Let a be the first term and d the common difference of the A.P.
`t_(n)=a+(n-1)d` ……….( Formula)
`t_(3)=a+(3-1)d=a+2d`…………1
`t_(7)=a+(7-1)d=a+6d`…………..2
From the first condition
`a+2d+a+6d=32`…………….[From 1 and 2]
`a+2d+a+6d=32`
`:.2a+8d=32`
`:.a+4d=16`......(Dividing both the sides by 2)
`:.a=16-4d`..............3
From the second condition
`(a+2d)(a+6d)=220` .........[From 1 and 2]

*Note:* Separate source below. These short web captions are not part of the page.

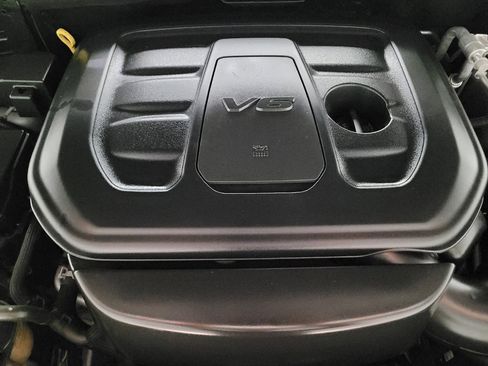 Used 2019 Jeep Grand Cherokee Laredo image 30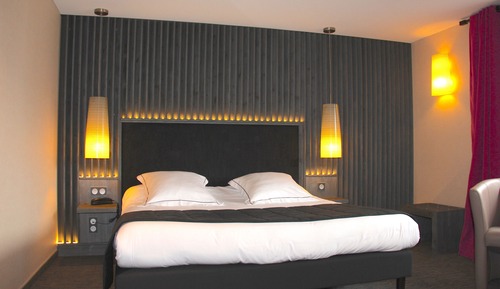 Two Connecting Double Rooms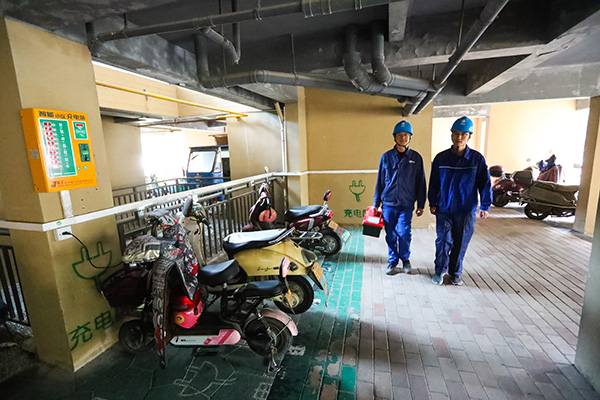 “小電驢”充電更安全了！寧?？h24393個(gè)充電接口完成升級(jí)改造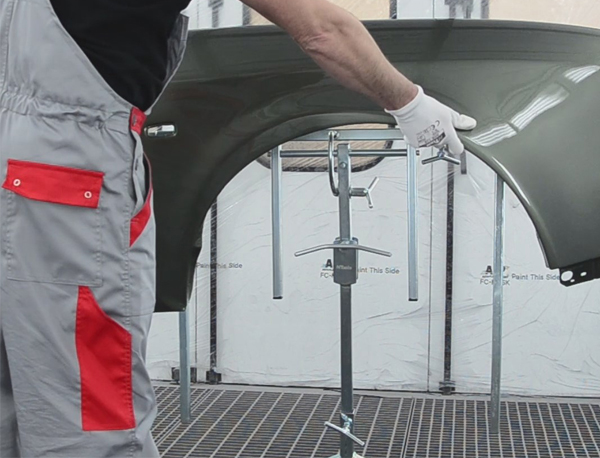 Multifunktionaler Drehlackierständer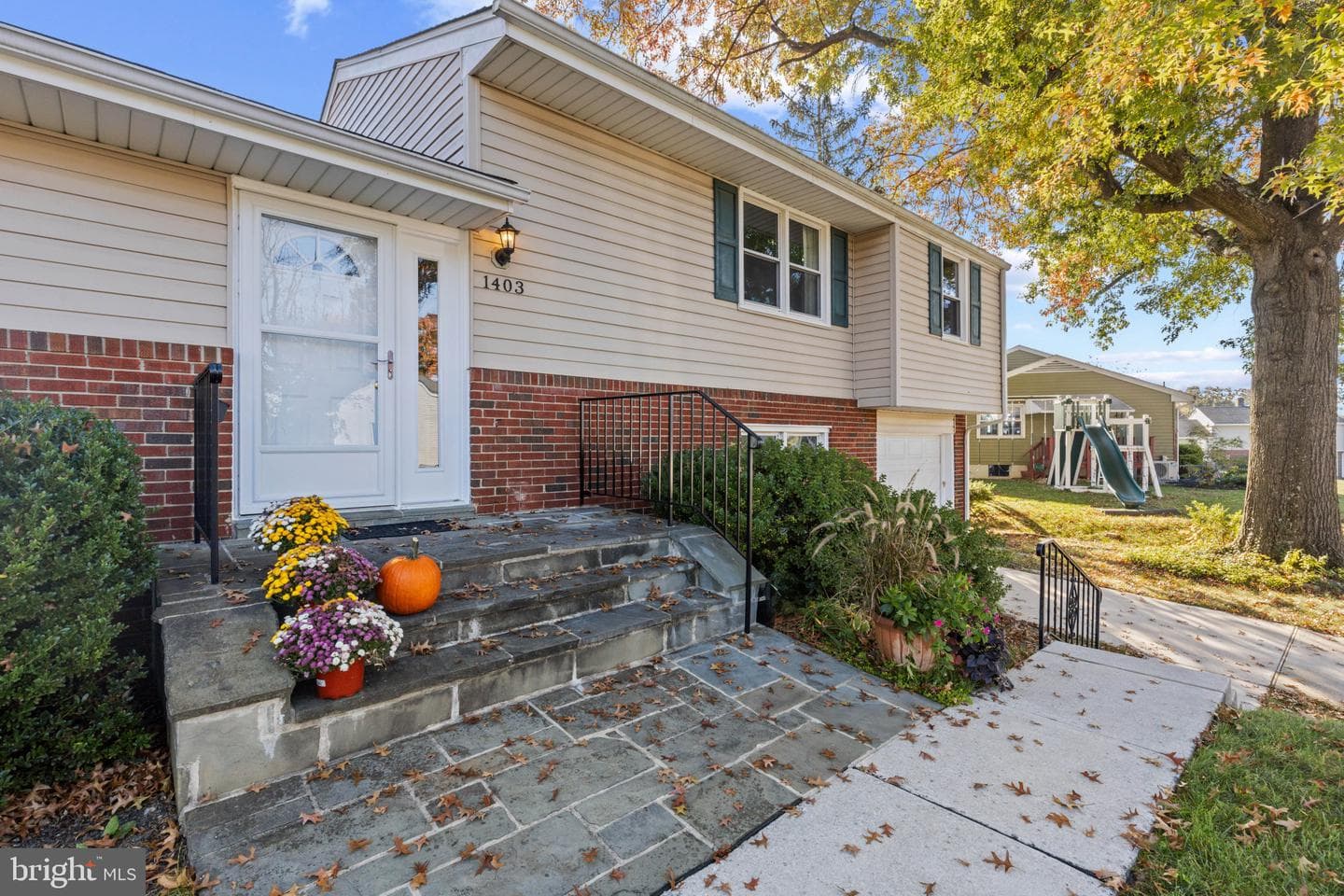 1403 Warwick Drive photo 3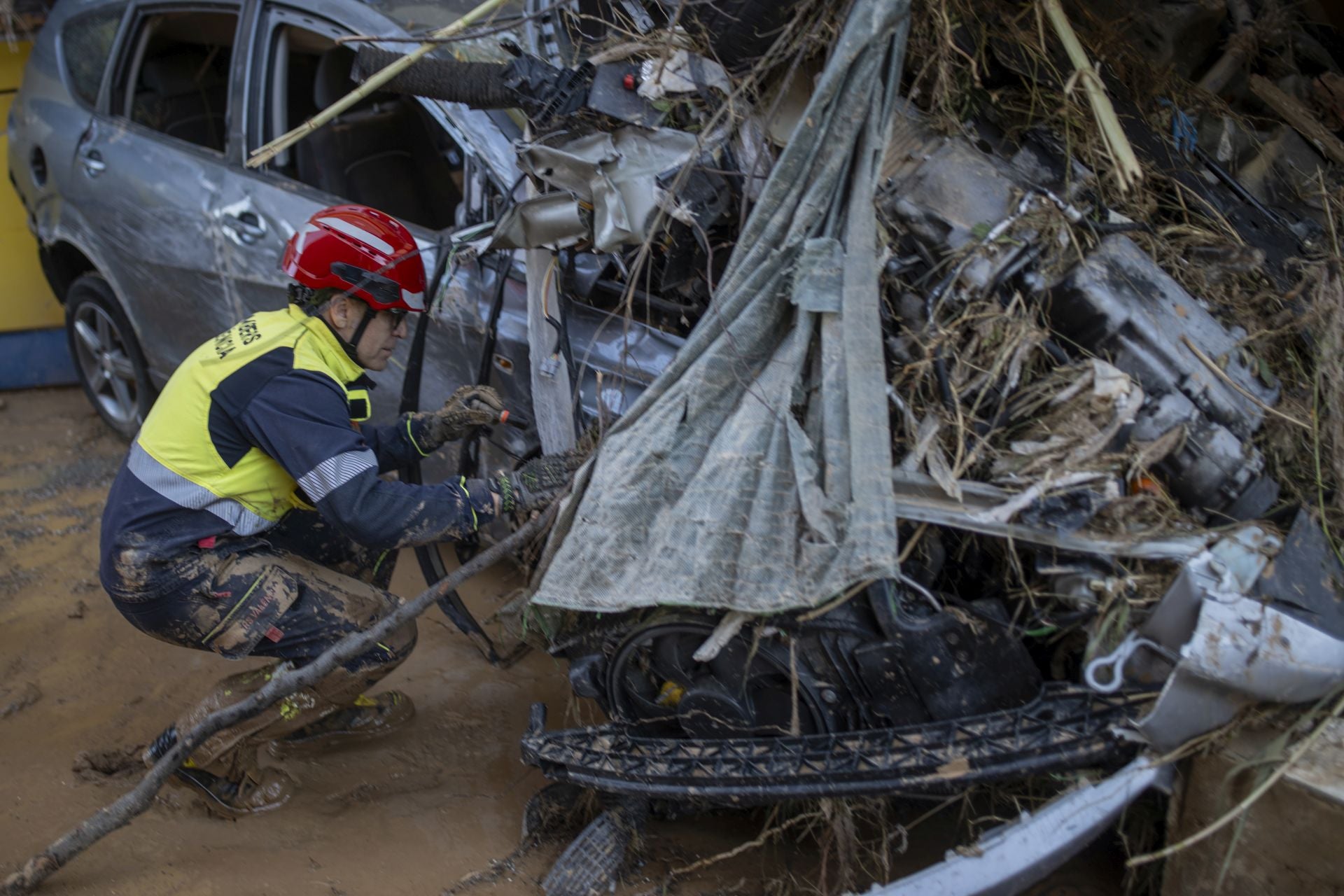 Los trabajos de rescate continúan en los pueblos de Valencia siete días después de la DANA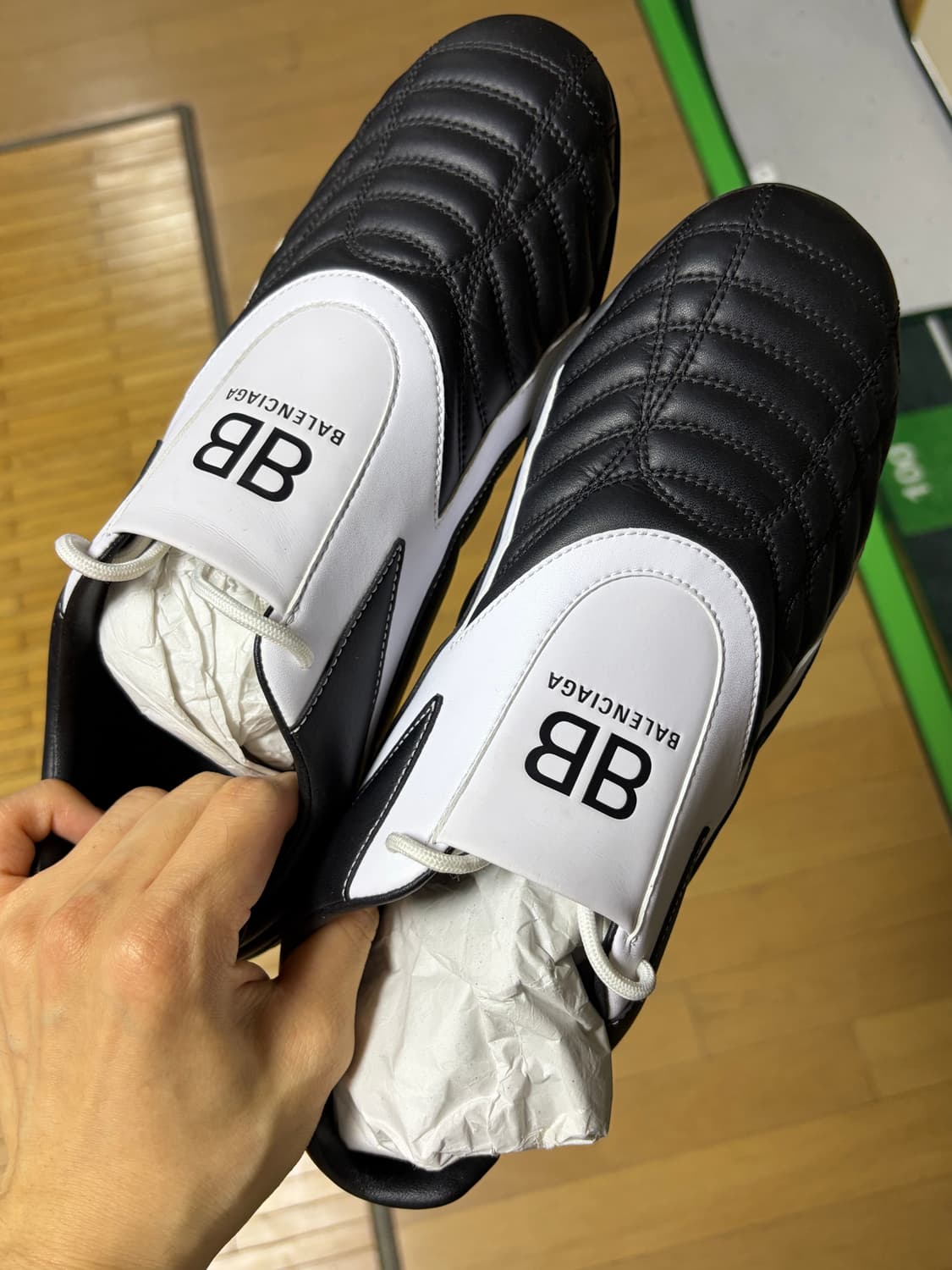 발렌시아가 젠 블랙화이트 판매합니다 (43) 상품이미지1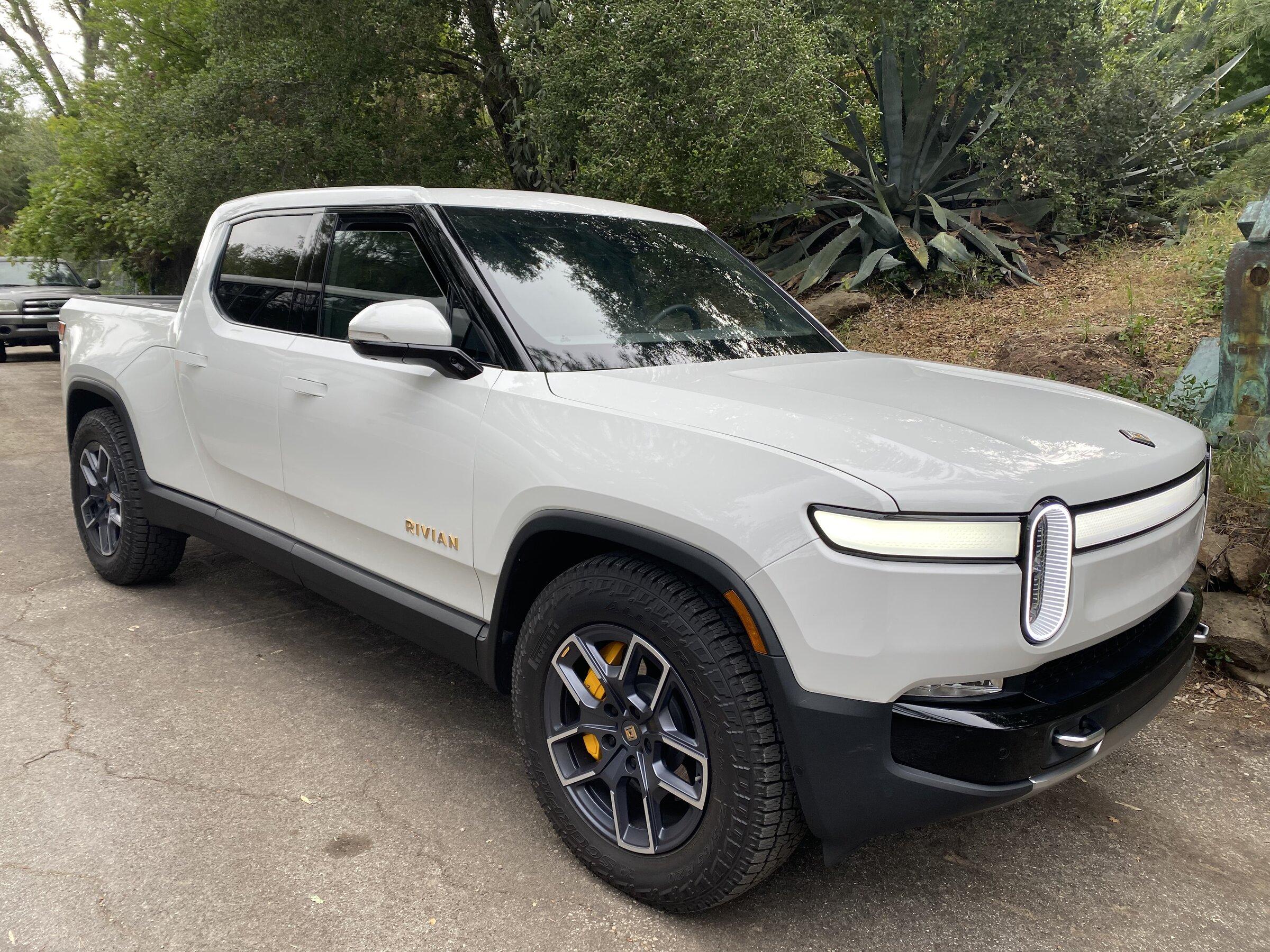 Rivian R1T R1S GLACIER WHITE R1T  Photos 390510A0-EB55-4561-A1F5-D8791ADA36DF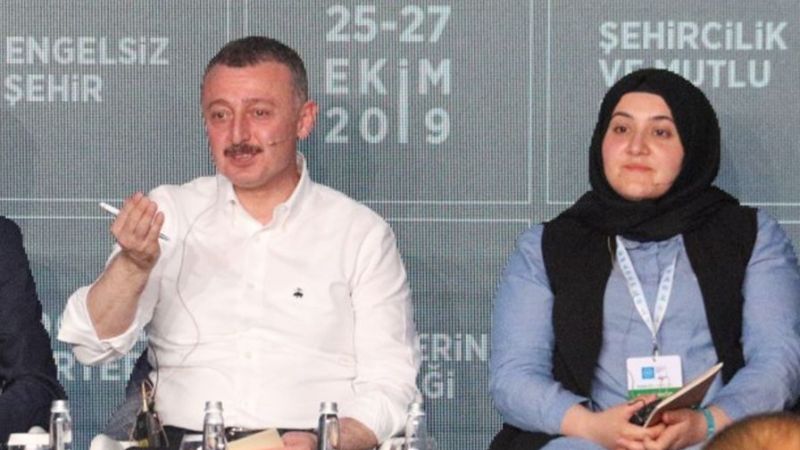 Başkan Büyükakın, Kartepe Zirvesi’nde üniversite öğrencileriyle buluştu. Forumda gençler talep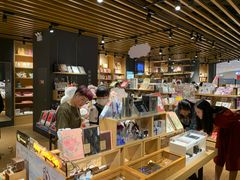 -九木杂物社(恒隆广场店)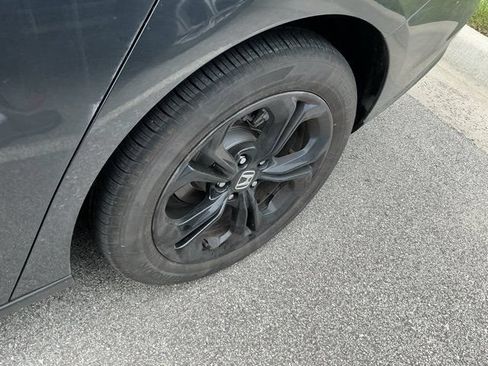 Used 2025 Honda Accord SE image 18
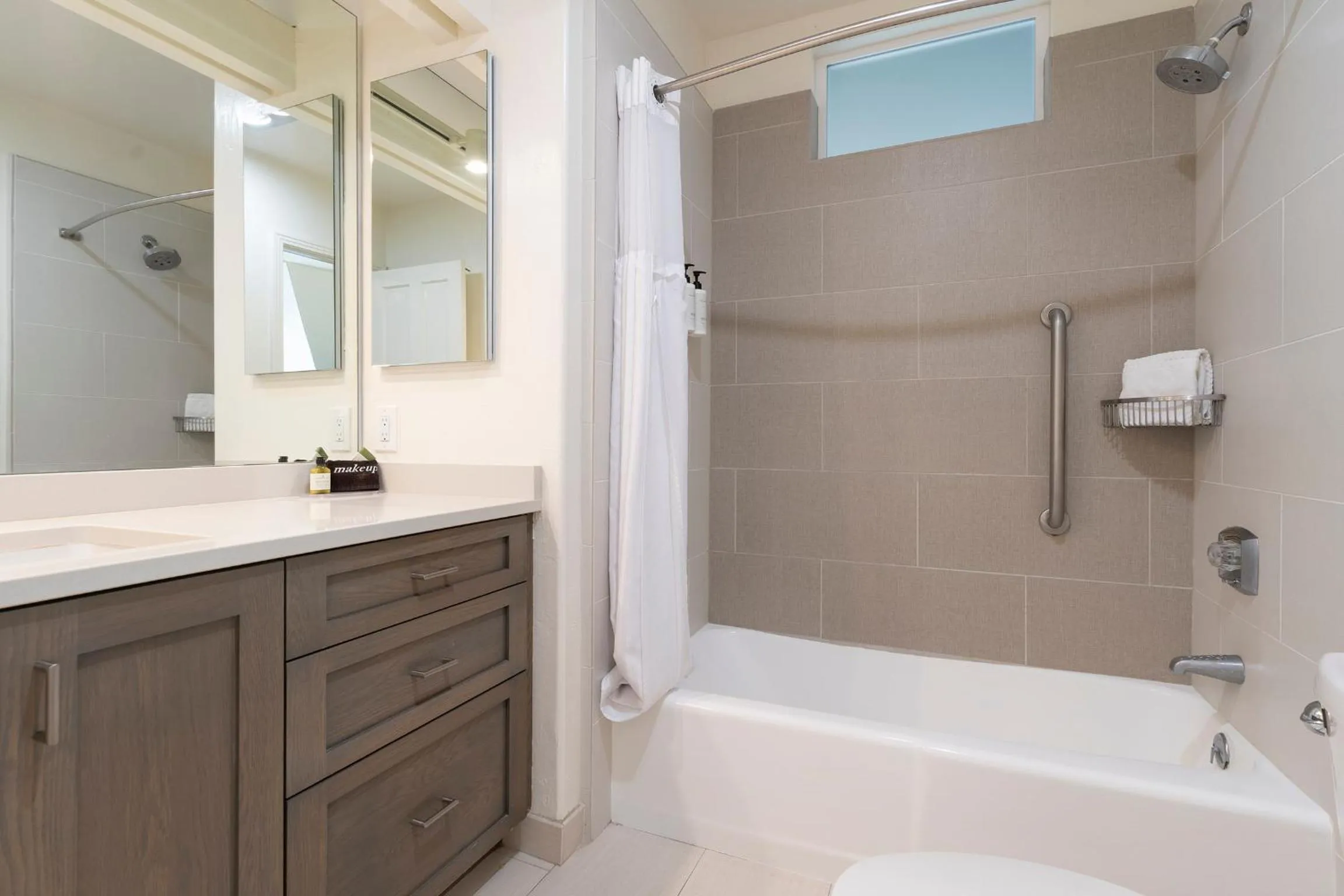 Bathroom in Wave Crest Resort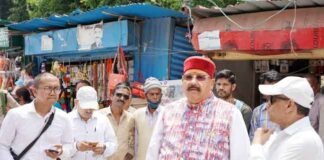 महाराज ने यात्रा के दौरान सभी विभागों को चौकन्ना रहने के दिये निर्देश, अधिकारी, कर्मचारी “अतिथि देवो भवः” की भावना से करें काम अतिथि देवो भवः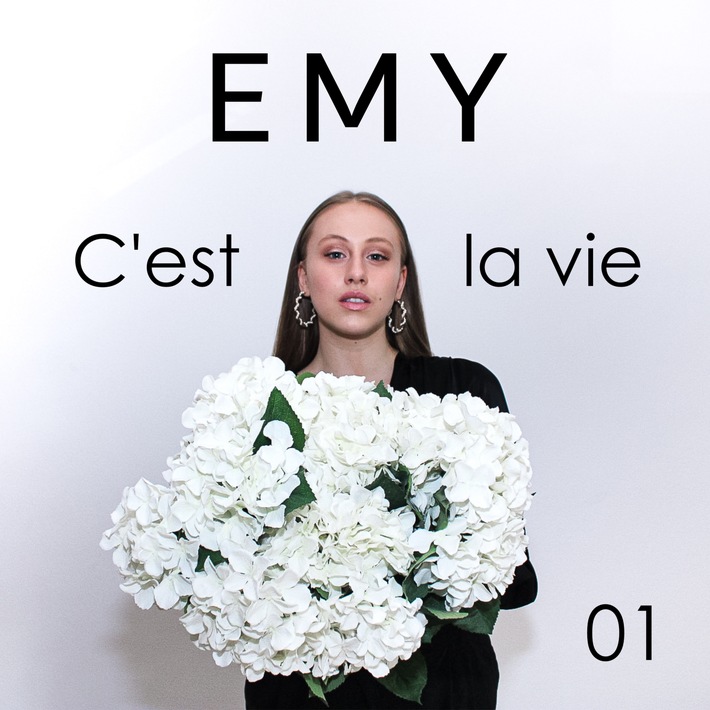 Neue Single der Newcomerin: EMY mit &quot;C&#039;est la vie&quot;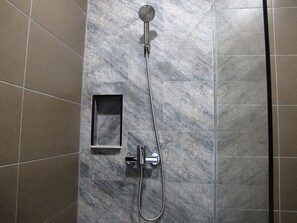 Deluxe Double Room - Disability Access | Bathroom shower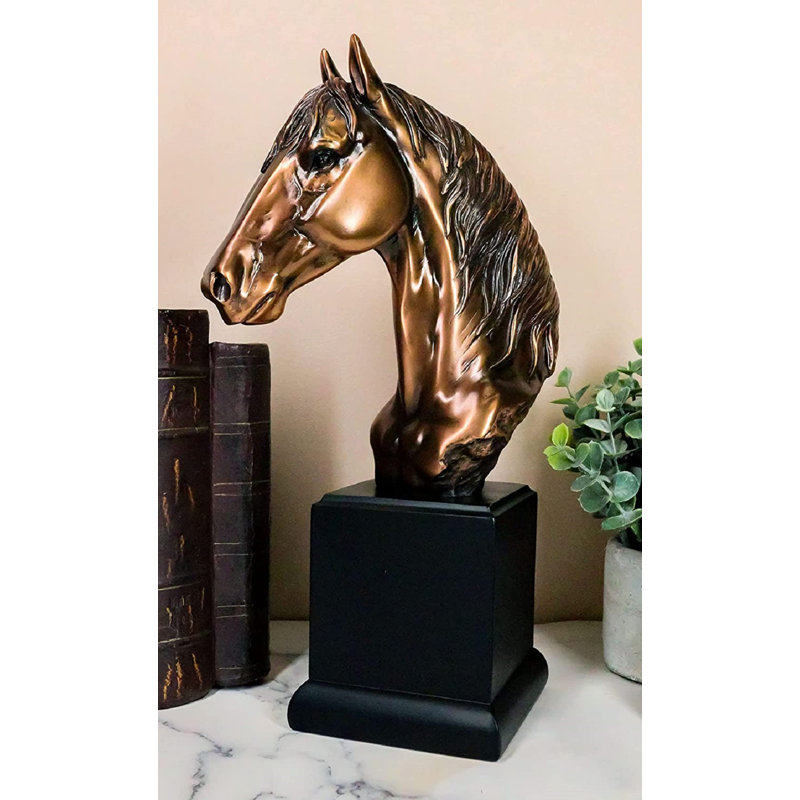 Figurine Jonesha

`:.(16-4d+2d)(16-4d+5d)=220`...........[From 3]
`:.(16-2d)(16+2d)=220`
`:.256-4d^(2)=220`
`:.256-220=4d^(2):.4d^(2)=36`
`:.d^(2)=9:.d=+-3`
But the terms are in ascending order.
`:.d=3`
Substituting `d=3` in equation 3
`a+4xx3=16:.a=16-12:.a=4`
Now we want to find the sum of the first 21 terms.
`S_(n)=n/2[2a+(n-1)d]`............(Formula)
`:.S_(21)=21/2[2xx4+(21-1)xx3]` ......(Substituting the values)
`=21/2[8+20xx3]`
`=21/2(8+60)=21/2xx68`
`=21xx34`
`:. S_(21)=714`
Ans. The sum of the first twenty-one terms is 714.